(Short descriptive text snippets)
□ □ □

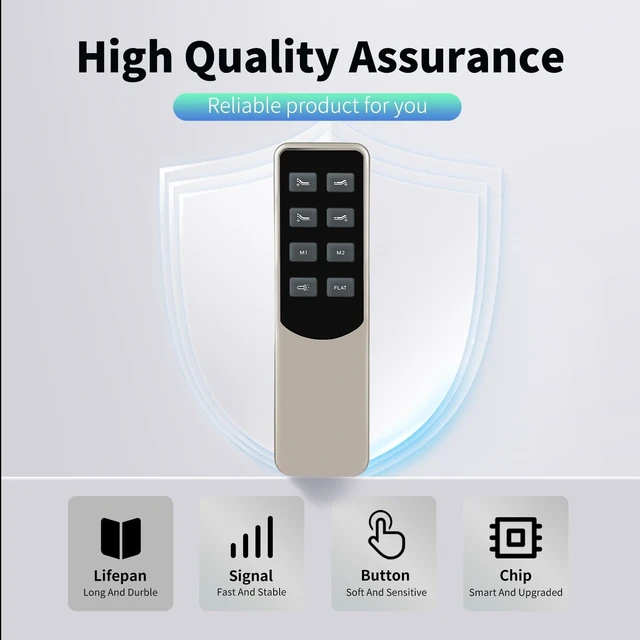 Alt view image 3 of 5 - New Replacement Remote Control for Mattress Firm 300 Enso Adjustable Bed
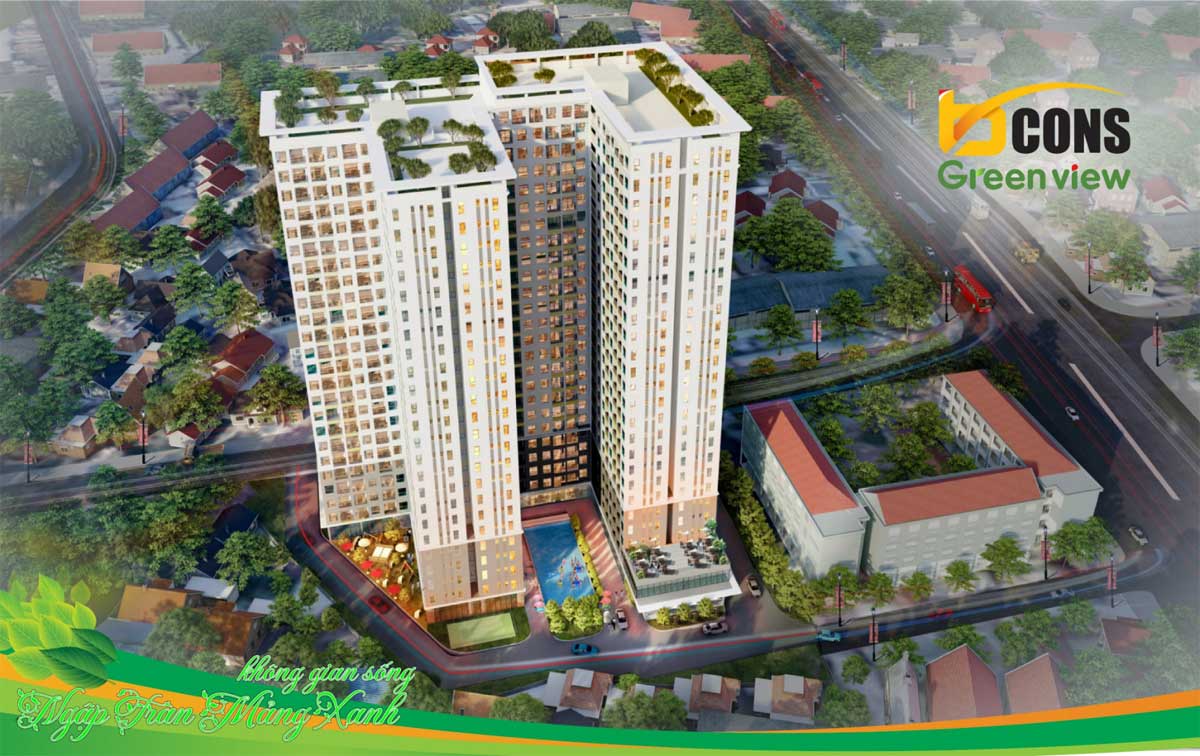 Phối cảnh Dự án Tải App 1.1.1.1 Bật Lên Để Vào Tặng 88K Bcons Green View Dĩ An Bình Dương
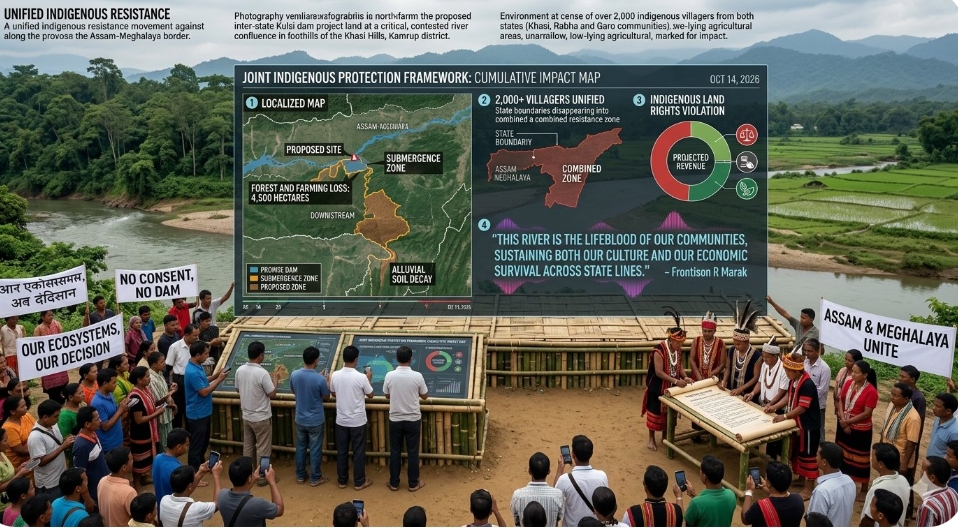 Assam and Meghalaya Grassroots Coalition Unites to Oppose Inter-State Dam Construction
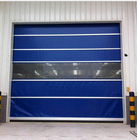 Rapid Automatic IP55 Pvc Roller Shutter Doors Industrial Rolling Fabric Roll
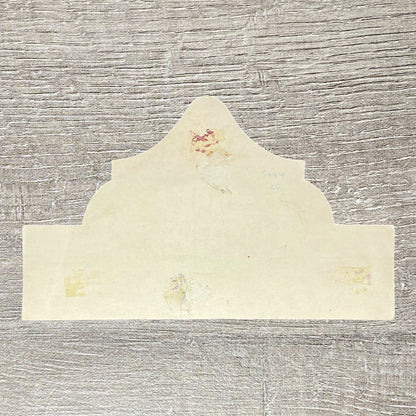 Vintage Old Canterbury Cigars Tabacos Selectos Cigar Box Label Gold Tone 1900s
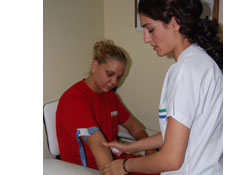 Sağlık taramasından geçtiler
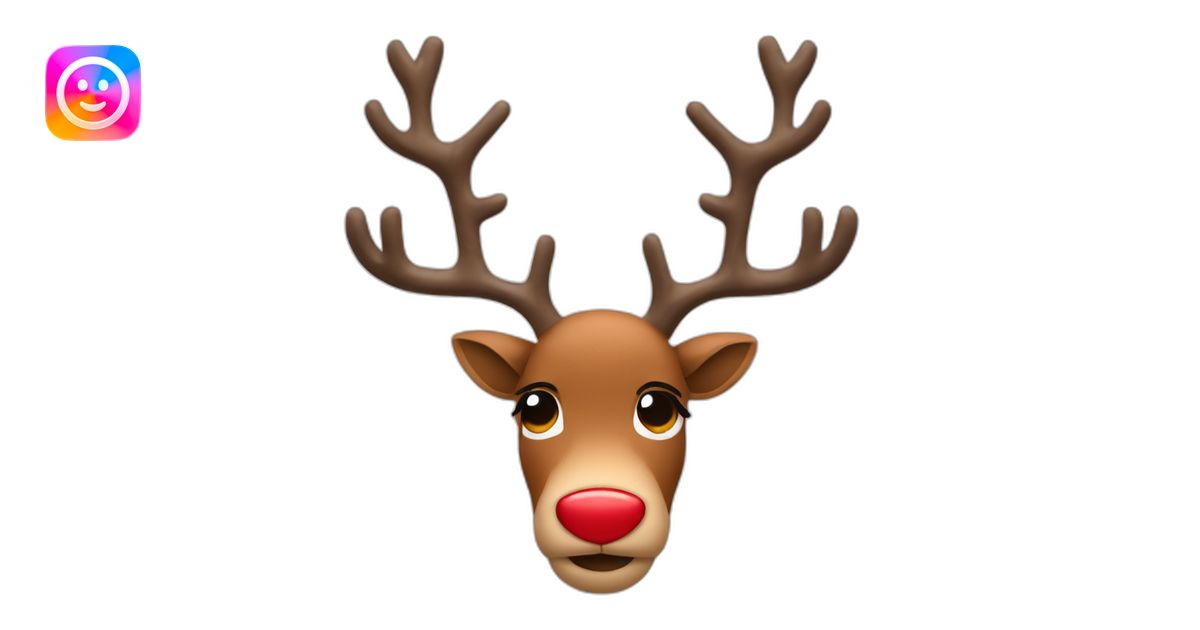 rudolph the red nosed reindeer tired emoji | AI Emoji Generator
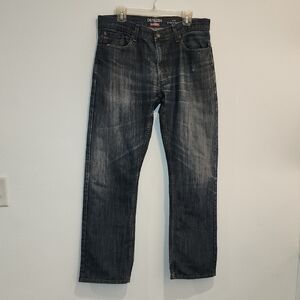 Denim&Co Black Straight Jeans Timeless Fit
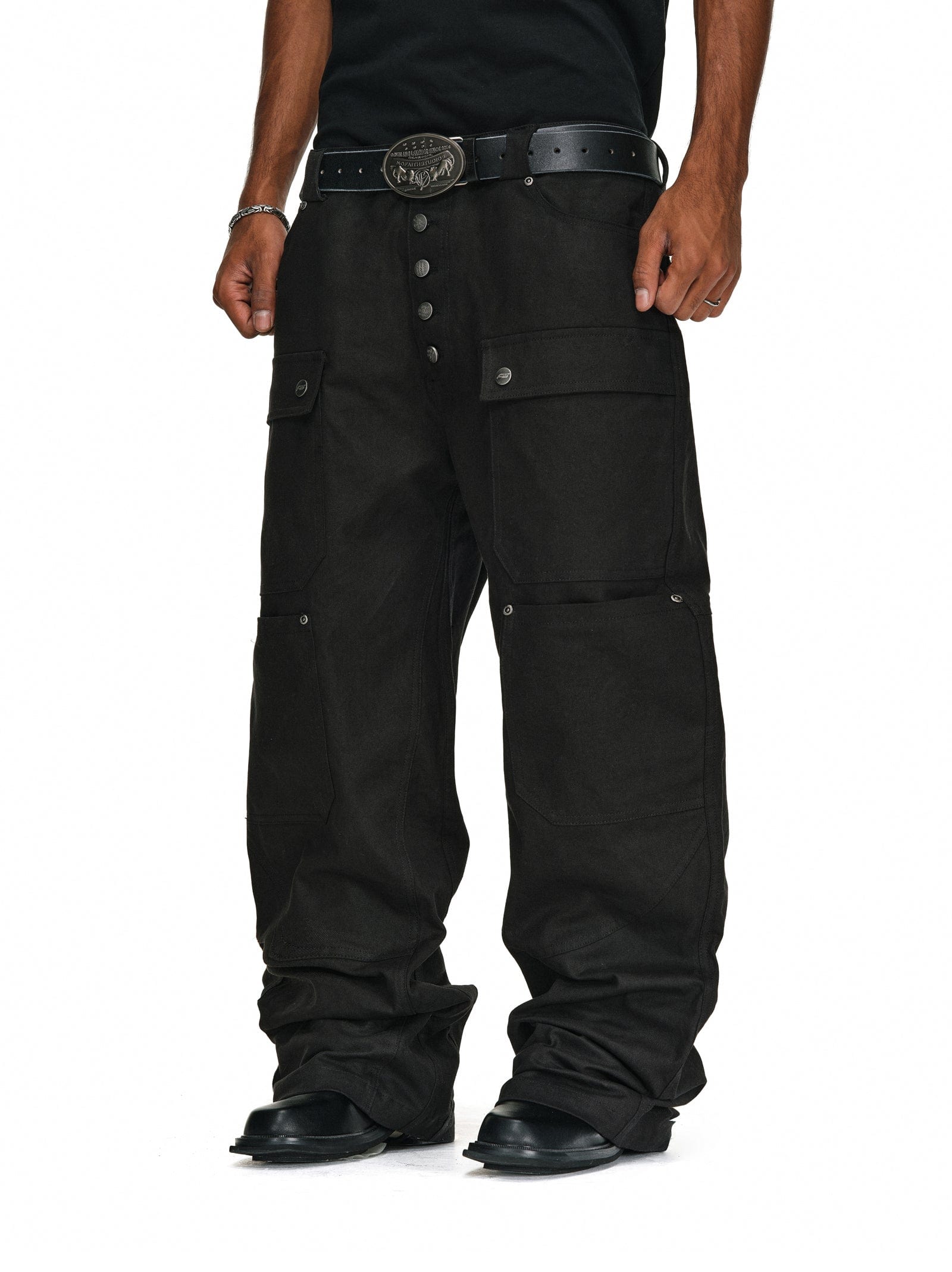 Pants Button-Up Cargo Pants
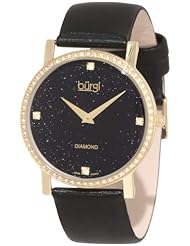 Burgi Womens BUR061YGB Swiss Quartz Diamond Strap Watch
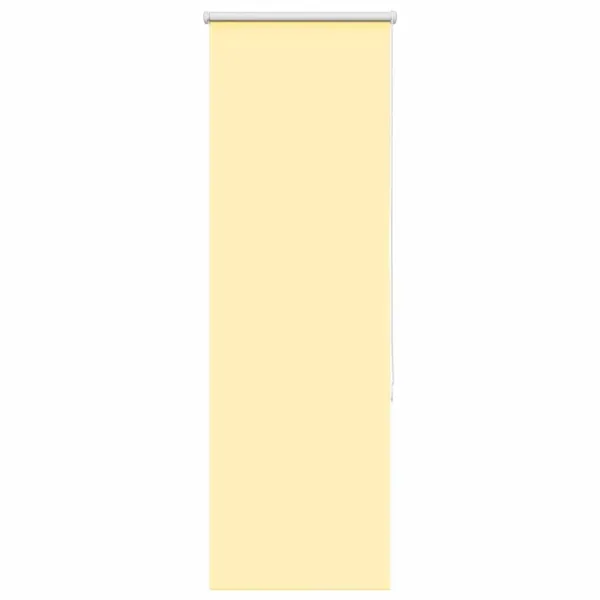Store enrouleur occultant jaune largeur du tissu 50,7 cm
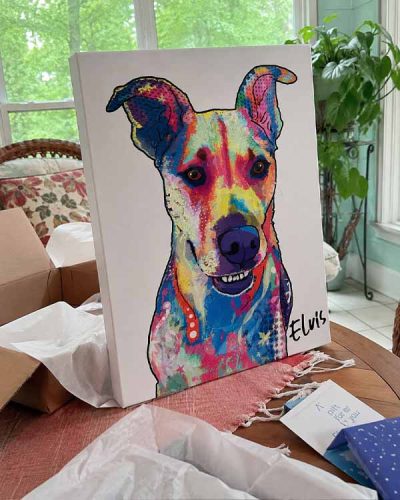 Click to view full screen Graffiti Custom Pet Portrait photo review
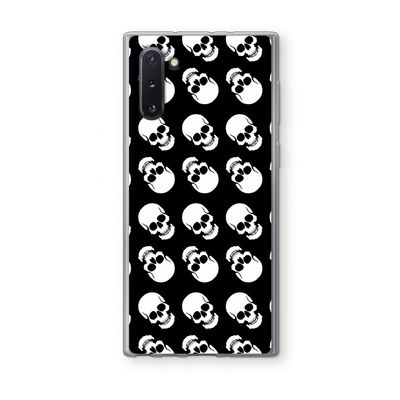 Musketon Skulls: Samsung Galaxy Note 10 Transparant Hoesje
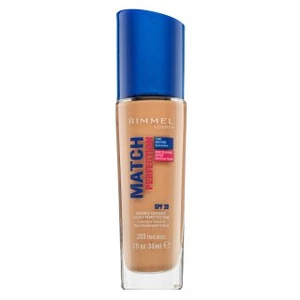 Rimmel London Match Perfection 24HR SPF20 Foundation 203 True Beige tekutý make-up pro sjednocenou a rozjasněnou pleť 30 ml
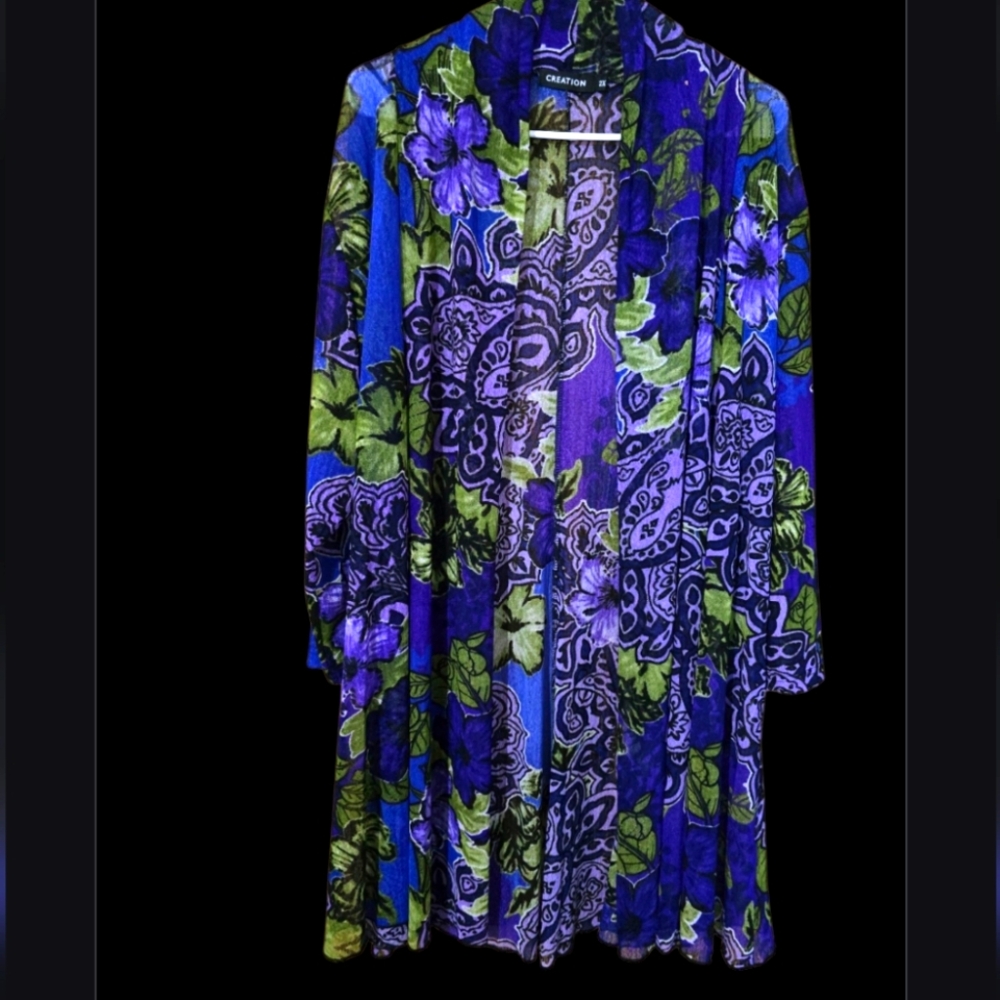 Creation Colorful Floral Kimmono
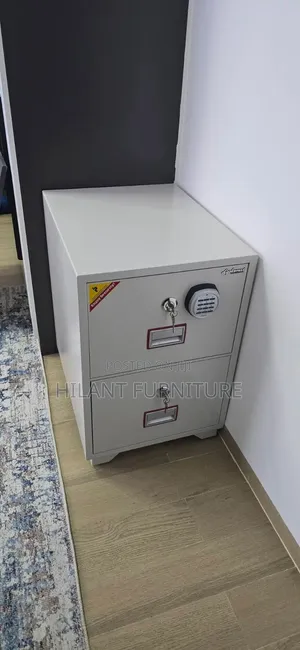 Kabati la Seif lenye Droo 2, Linalokinga Moto na Laki ya Dijitali na Kifunguo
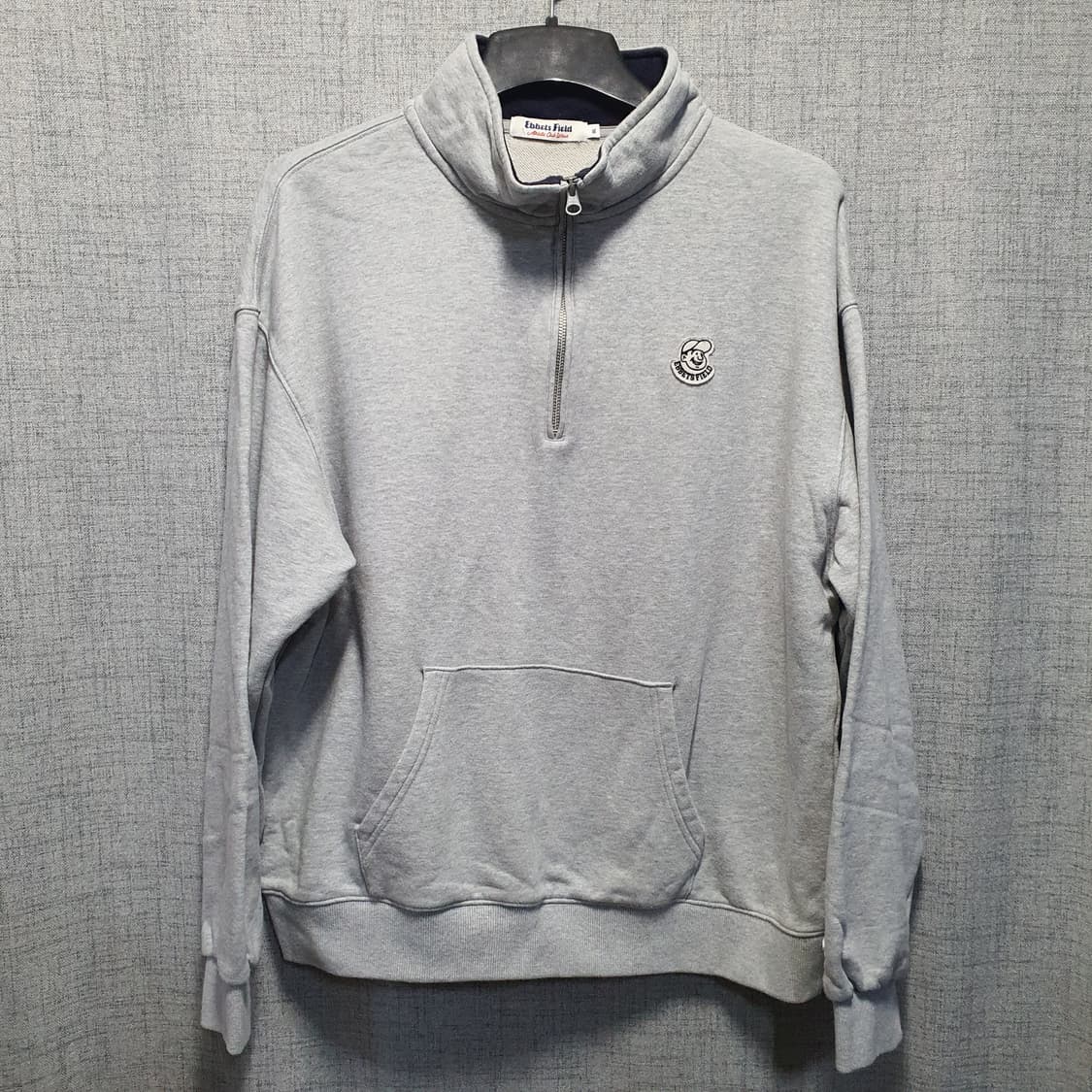 이벳필드 하프집업 맨투맨   상품이미지1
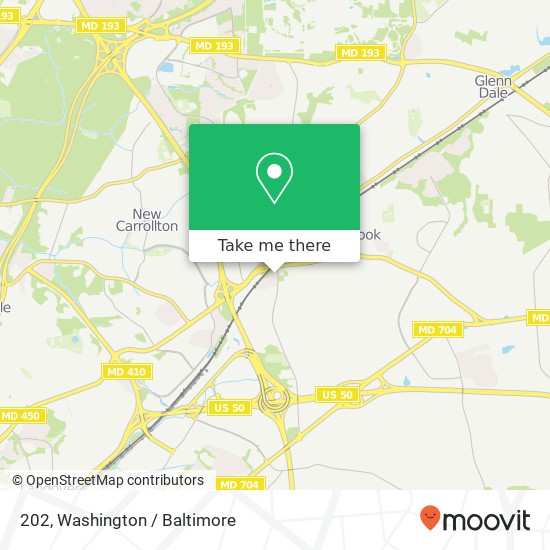 Mapa de 202, 5626 Whitfield Chapel Rd #202, Lanham, MD 20706, USA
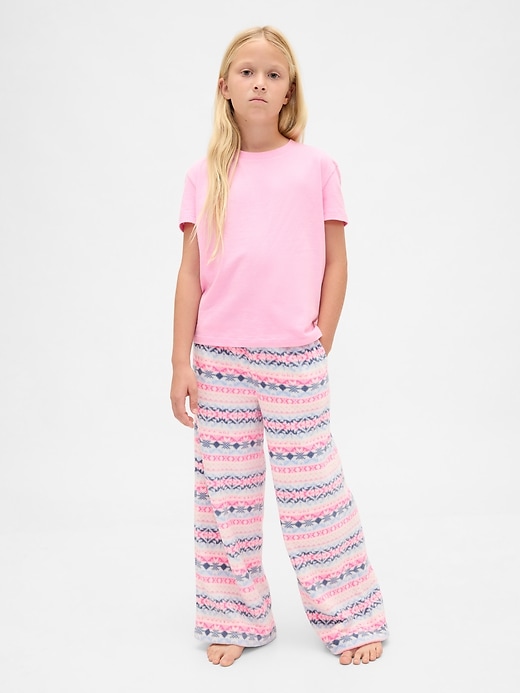 Image number 1 showing, Kids Recycled Cozy PJ Pants
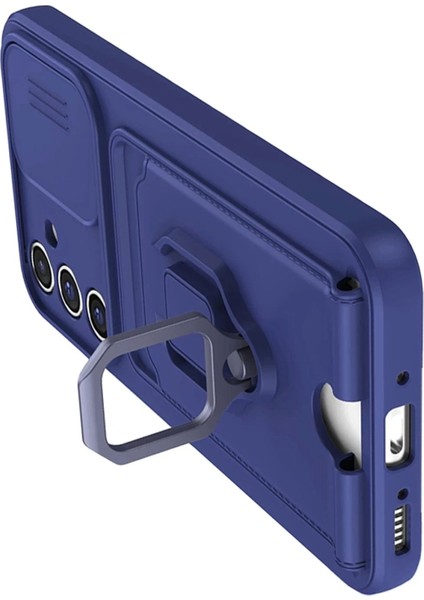 Newface Samsung Galaxy A26 Kılıf Zuma Kartvizitli Yüzüklü Silikon - Lacivert modelleri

□ □ □

Your instructions:
Excluding the pictures, write out exactly the lines from the line that contains "Rimmel London Match" through the end of the records.

Result of this exercise:
 Rimmel London Match Perfection 24HR SPF20 Foundation 203 True Beige tekutý make-up pro sjednocenou a rozjasněnou pleť 30 ml
 Creation Colorful Floral Kimmono
 Kabati la Seif lenye Droo 2, Linalokinga Moto na Laki ya Dijitali na Kifunguo
 이벳필드 하프집업 맨투맨   상품이미지1
 Mapa de 202, 5626 Whitfield Chapel Rd #202, Lanham, MD 20706, USA
 Image number 1 showing, Kids Recycled Cozy PJ Pants
 Newface Samsung Galaxy A26 Kılıf Zuma Kartvizitli Yüzüklü Silikon - Lacivert modelleri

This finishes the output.